▶ **DATA PROVIDED**:
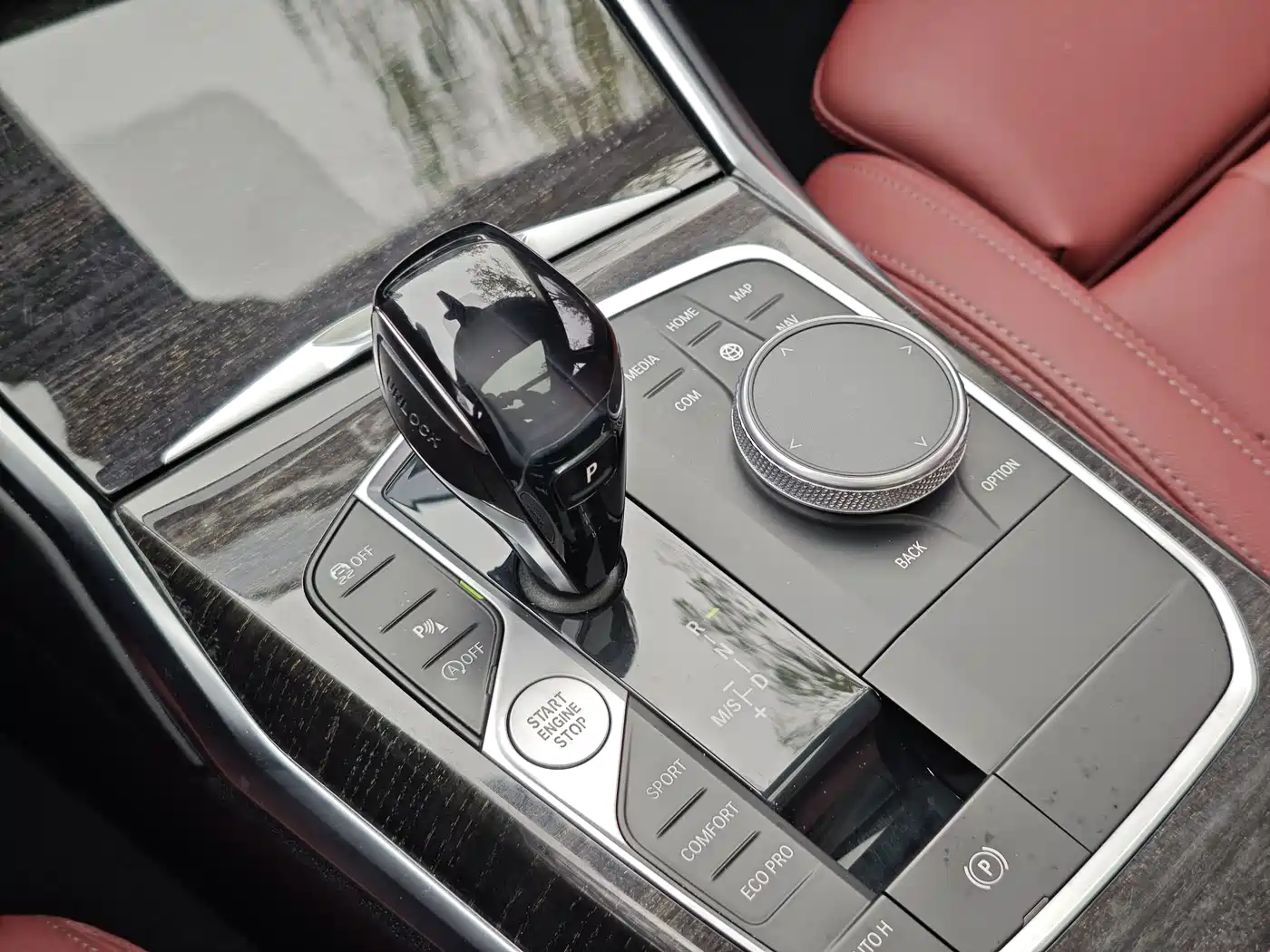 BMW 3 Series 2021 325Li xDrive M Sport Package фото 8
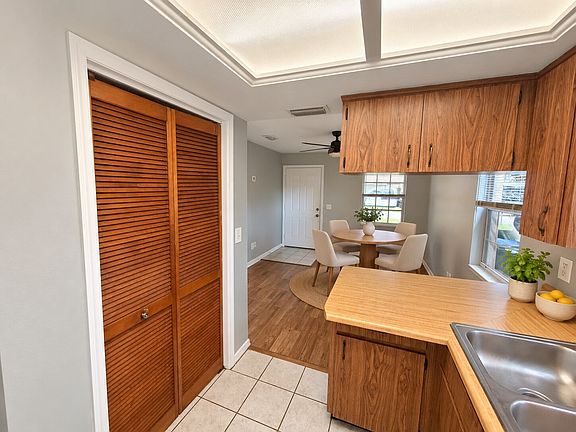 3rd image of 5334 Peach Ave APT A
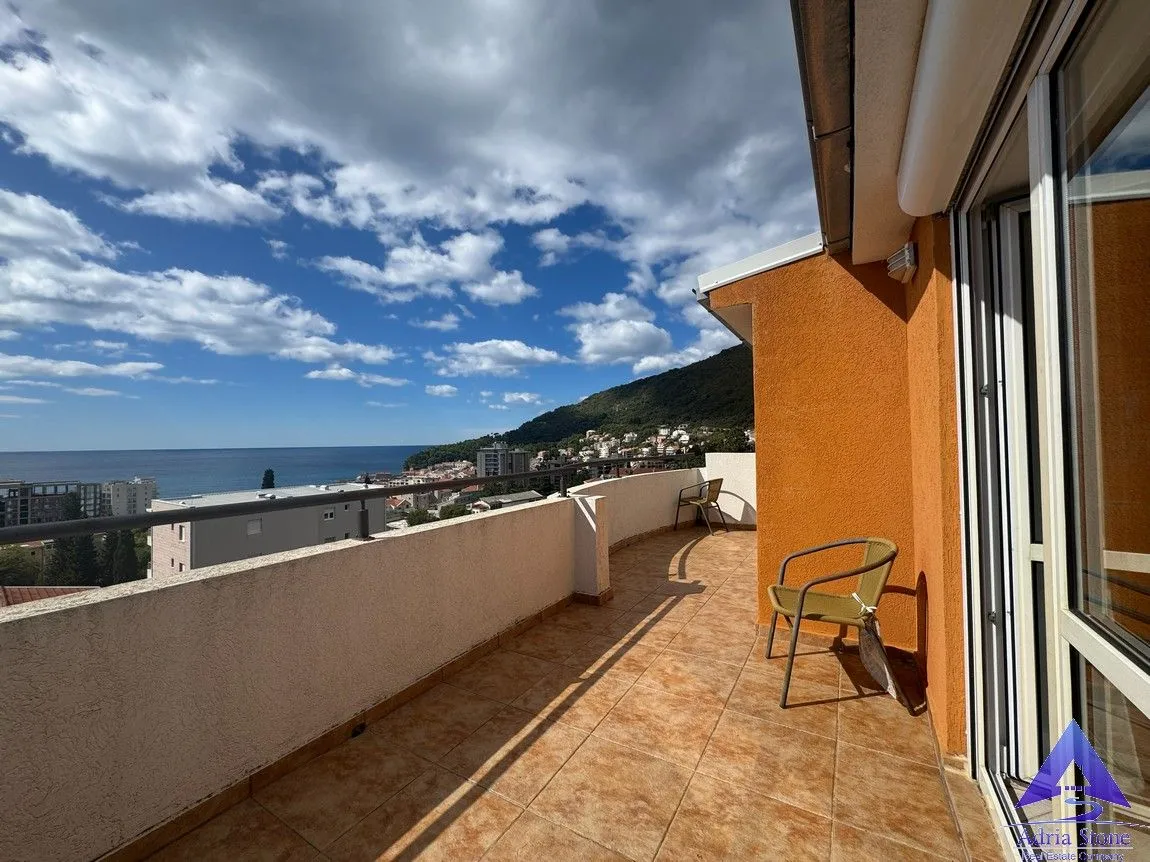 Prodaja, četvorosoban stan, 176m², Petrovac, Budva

--

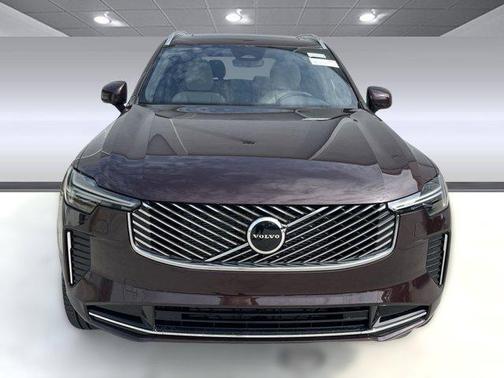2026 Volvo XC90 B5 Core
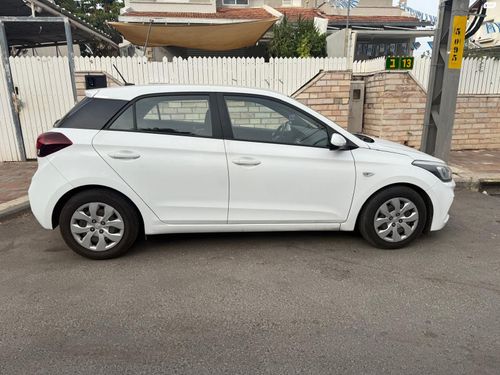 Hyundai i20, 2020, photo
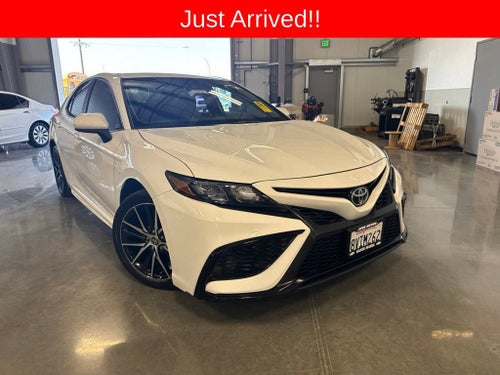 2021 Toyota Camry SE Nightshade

* * *

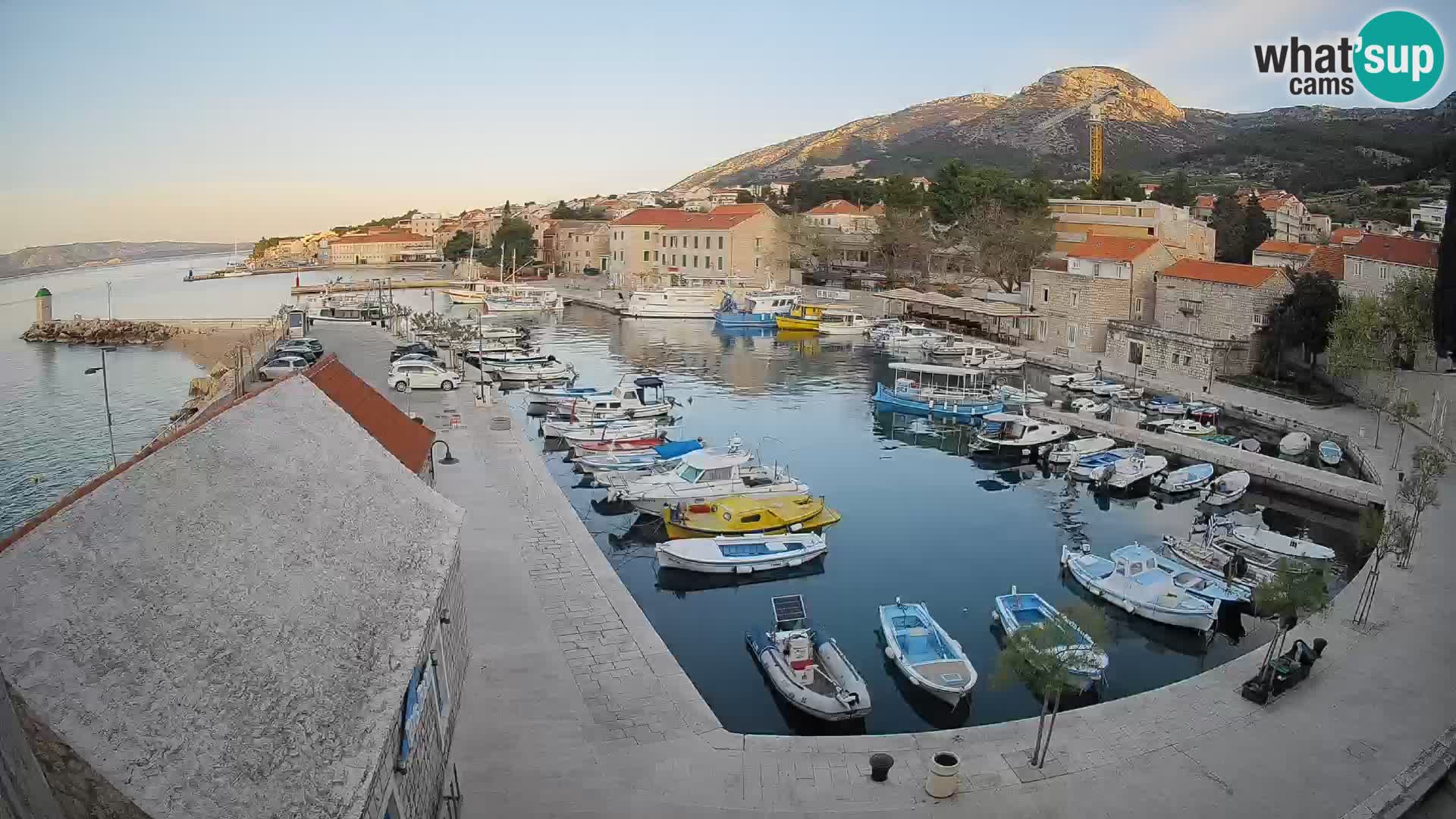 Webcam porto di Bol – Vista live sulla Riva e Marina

▶ **WHAT THE TASK ASKS**:
Above are records with pictures. Reproduce exactly only the lines from the line with "BMW 3 Series" through the line with "Prodaja, četvorosoban stan, 176m², Petrovac, Budva", both ends included, and leave the pictures out.

▶ **EXPECTED ANSWER**:
 BMW 3 Series 2021 325Li xDrive M Sport Package фото 8
 3rd image of 5334 Peach Ave APT A
 Prodaja, četvorosoban stan, 176m², Petrovac, Budva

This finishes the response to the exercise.